Forum Moderators: Robert Charlton & goodroi
My robots file includes the following two lines:
User-agent: *
Disallow: apage.php
Googlebot has been visiting apage.php?id=1 and so on (mindlessly indexing tens of thousands of identical pages).
Do I need to use
Disallow: apage.php* instead?
Or is there a problem with Googlebot?
also php?id=1 etc aren't these seperate files from the .php file you disallowed?
maybe you should disallow the directory which contains these files?
'googlebot only crawling what you disallowed'
you got me there.
We are coping with similar problem. For over a year robots.txt has been disallowing our /cf/ directory which we use to run counting script for our advertiser links. This did not prevent the indexing (in Feb I think) of over 50k links out to external sites. These now appear in site:oursite.com/cf/ as "pages" even though these resolve to those sites and not ours. About six weeks ago we changed robots.txt to *allow* that directory but the bogus link pages remain.
After my inquiry Google help wrote that we should disallow the /cf/ directory.
Cannot remove these links with Google's removal tool because the links exist and are correct - they are just wrongly indexed as "pages". Therefore I get the message "page still exists".

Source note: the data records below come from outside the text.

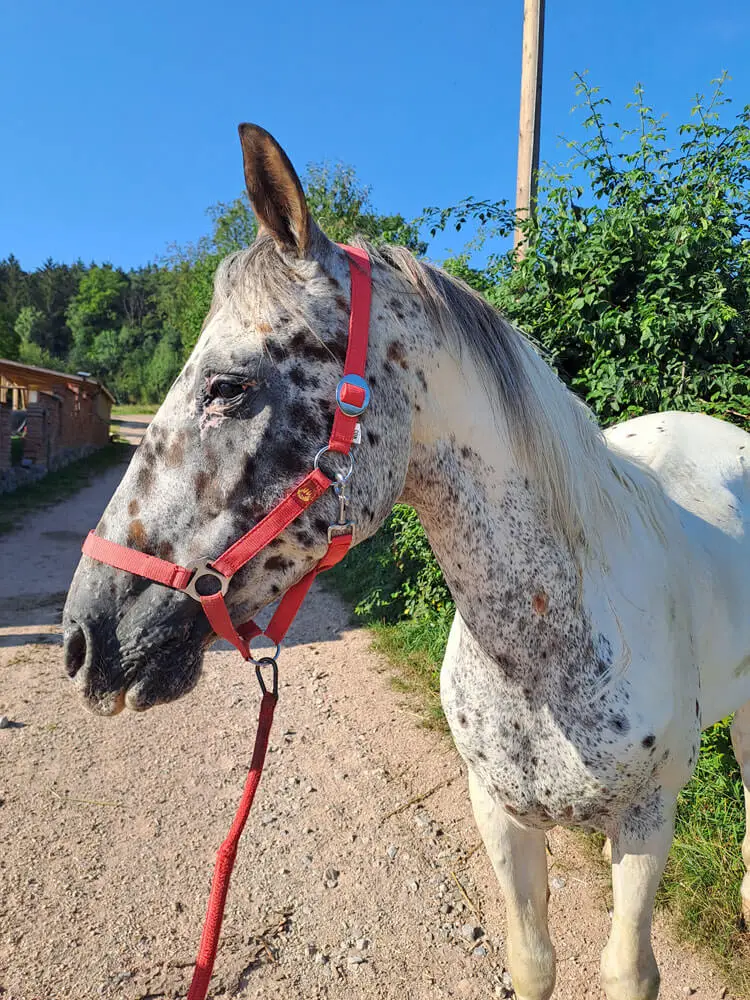 Hallo! Ich bin Nico, ruhig und verlässlich, auf mir sitzen auch gerne Anfänger/innen.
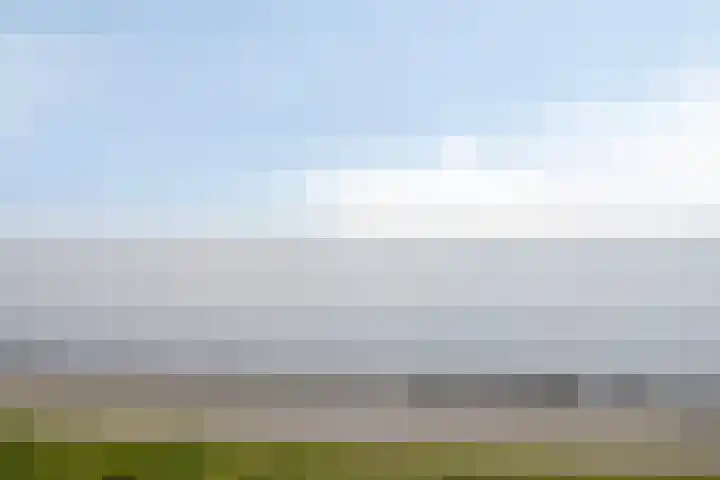 Onder de Zeedijk 8 Poortvliet thumbnail 65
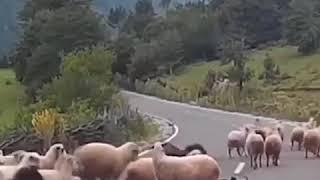 Баран против чабана. Драка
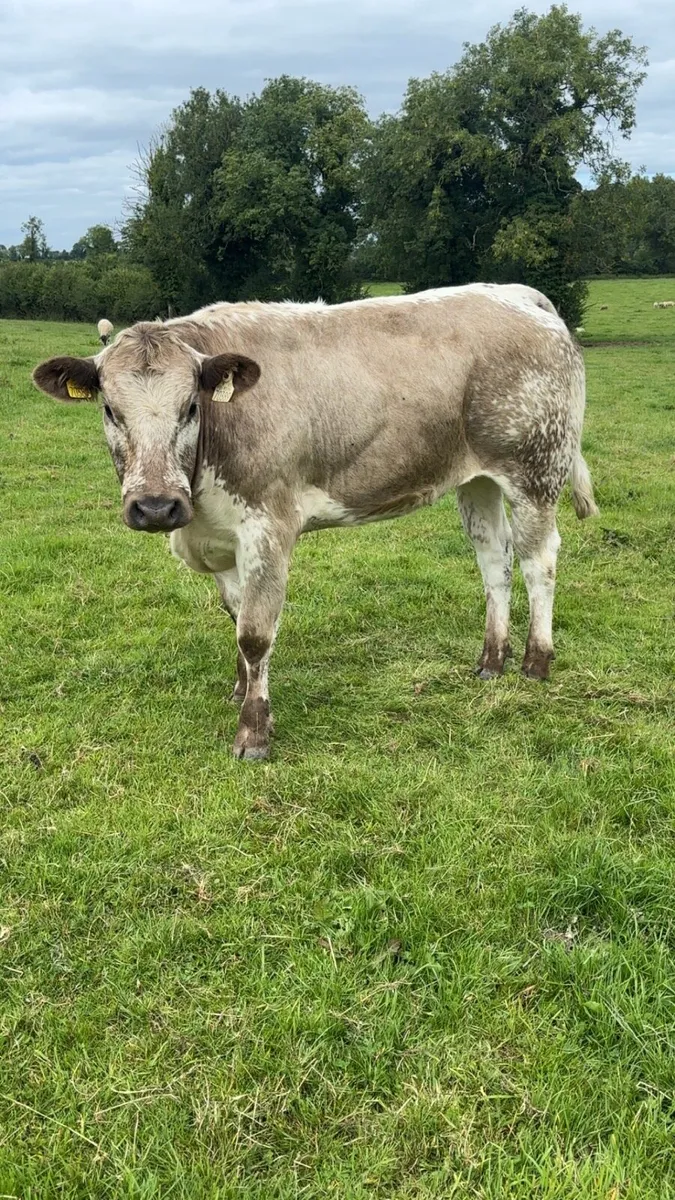Heifers - Image 4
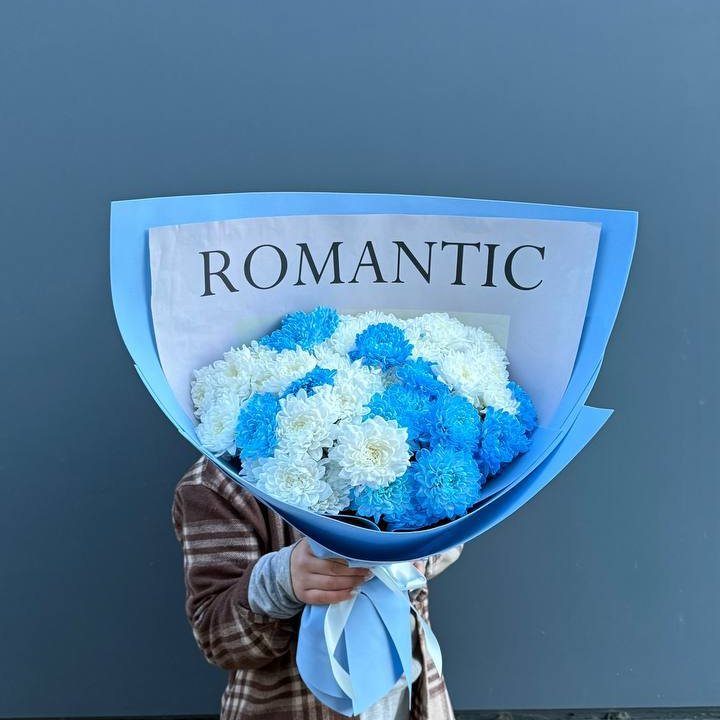 Дуо хризантем в Абакане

You should also set up a 301 redirect from non-www to www to avoid duplicate content. Additionally, make sure that all links that point to folders, or point to an index page inside a folder, do not include the actual filename. Make sure that the URL ends with a trailing / every time.
.
Be aware that Google does treat:
domain.com/folder
domain.com/folder/
domain.com/folder/index.html
www.domain.com/folder
www.domain.com/folder/
www.domain.com/folder/index.html
as six different pages.
You want the one shown in bold to be the one that they actually list (because your server should redirect a request for folder to folder/ automatically anyway). Never include the actual index file filename. This will allow you to change your technology in the future without having to change any of the links at all.